Je loue ces sages vœux, chères filles; mais ne vous épouvantez pas d'entendre votre père vous annoncer des nouvelles inattendues. De cette hauteur qui vous a reçues suppliantes je vois une nef. Elle est bien reconnaissable; je ne me trompe pas. Voici les manœuvres et les voiles. La proue est tournée de ce côté, n'obéissant que trop au gouvernail qui, de la poupe, la dirige, car cette nef ne nous est point amie. Les marins sont déjà visibles avec leurs membres noirs sous leurs vêtements blancs. Voici qu'on aperçoit nettement tout le reste de la flotte; mais la nef qui marche en tête des autres a replié ses voiles et s'avance à force d'avirons. Il vous faut être calmes et prudentes et ne pas oublier de prier les dieux dans ce danger. Pour moi, je reviendrai bientôt avec les protecteurs qui nous prêtent leur aide.

LE CHŒUR DES DANAÏDES.

Peut-être un héraut ou un chef viendra nous réclamer et voudra nous emmener en servitude.

DANAOS.

Ils n'en feront rien; n'ayez aucune crainte d'eux.

LE CHŒUR DES DANAÏDES.

Cependant, si nous tardons à être secourues, le mieux est de nous en remettre à l'aide de ces dieux.

DANAOS.

Ayez bon courage. Au temps, au jour marqué, le mortel qui a offensé les dieux en reçoit le châtiment.

LE CHŒUR DES DANAÏDES.

Strophe I.

Père! je tremble que ces nefs qui volent rapidement n'arrivent en peu d'instants. La terreur me saisit. Me faudra-t-il recommencer à fuir épouvantée? Père, je meurs de crainte.

DANAOS.

Puisque le décret des Argiens a été ratifié par leurs suffrages, ayez une ferme espérance; ils combattront pour vous, mes filles, j'en suis certain.

LE CHŒUR DES DANAÏDES.

Antistrophe I.

La race d'Aigyptos est funeste, farouche et insatiable de combat. Mais je le dis à qui le sait.

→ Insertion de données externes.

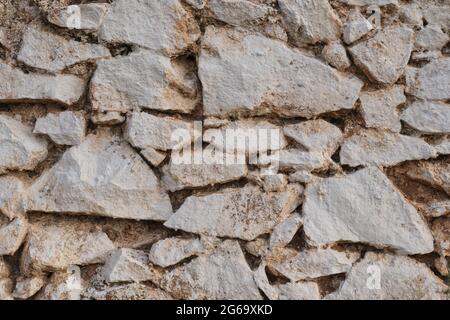 Old traditional limewashed stone wall, white rustic background or texture Stock Photo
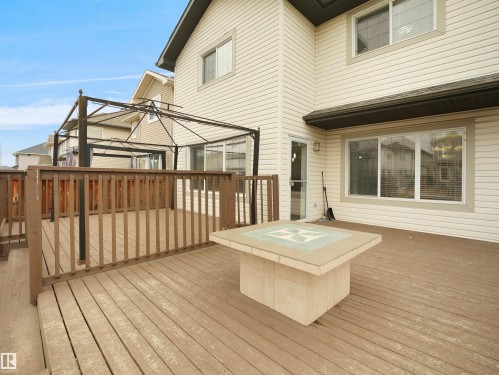 The property features a spacious outdoor deck with wood railings and an outdoor table with a tiled surface - 8361 Shaske Crescent, Edmonton, AB - Outdoor With Deck Patio Veranda With Exterior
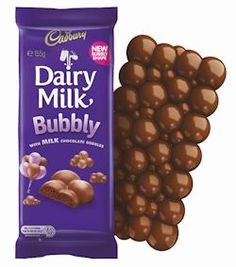 a chocolate bar next to a bag of milk caramel covered candy balls on a white background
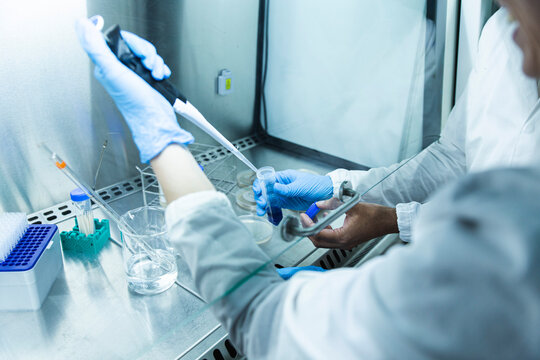 Scientist with colleague taking liquid solution with pipette
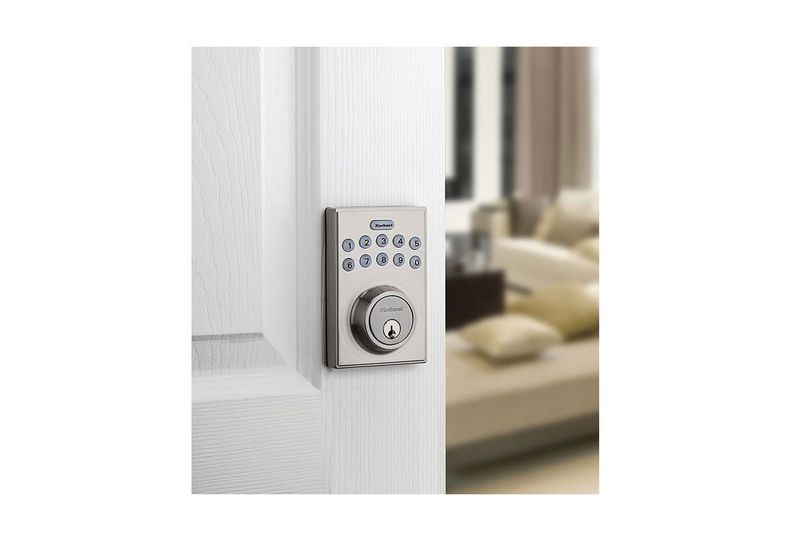 Cerradura digital 10 dígitos ovalada bronce veneciano Kwikset, instalada en puerta blanca con teclado numérico visible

Poussés par leur fureur, ils ont navigué sur leurs nefs solides et sombre, avec cette noire et grande armée.

DANAOS.

Mais ils rencontreront ici de nombreux bras exercés à la pleine chaleur du jour.

LE CHŒUR DES DANAÏDES.

Strophe II.

Ne me laisse pas seule ici, je t'en supplie, père! une femme seule est sans force; Arès lui manque. Ceux-ci, rusé et impurs tels que des corbeaux, ne respectent point la sainteté des autels.

DANAOS,

Ceci nous servira, enfants, si les dieux les détestent autant que vous les haïssez.

LE CHŒUR DES DANAÏDES.

Antistrophe II.

Ni les tridents, ni ces sanctuaires divins révérés par nous n'arrêteront leur main. Ils sont trop féroces, trop gonflés d'impiété et de violence. Impudents comme des chiens, ils n'écouteront point les dieux.

DANAOS.

Mais on dit que les loups sont plus forts que les chiens, et que le fruit du papyros n'en vaut pas l'épi.

LE CHŒUR DES DANAÏDES.

Semblables à des bêtes fauves, impies et farouches, ils ont l'âme furieuse, et il faut redouter leur violence.

DANAOS.

La navigation d'une armée navale n'est pas aussi prompte. Il faut trouver un mouillage où l'on puisse fixer les câbles qui attachent les nefs à la terre. Les pilotes ne jettent pas sitôt les ancres, surtout quand ils abordent une côte sans port. A l'heure où Hèlios tombe vers l'ombre, la nuit a coutume d'inspirer des inquiétudes à un sage pilote. Ainsi cette armée ne débarquera pas en sûreté avant d'avoir trouvé pour ces nefs un mouillage auquel on puisse se fier. Pour toi, prends garde, saisie de terreur, de négliger les dieux, et implore leur secours. La ville ne se plaindra pas de votre messager, car, bien que je sois vieux, la parole ni la prudence ne me manquent.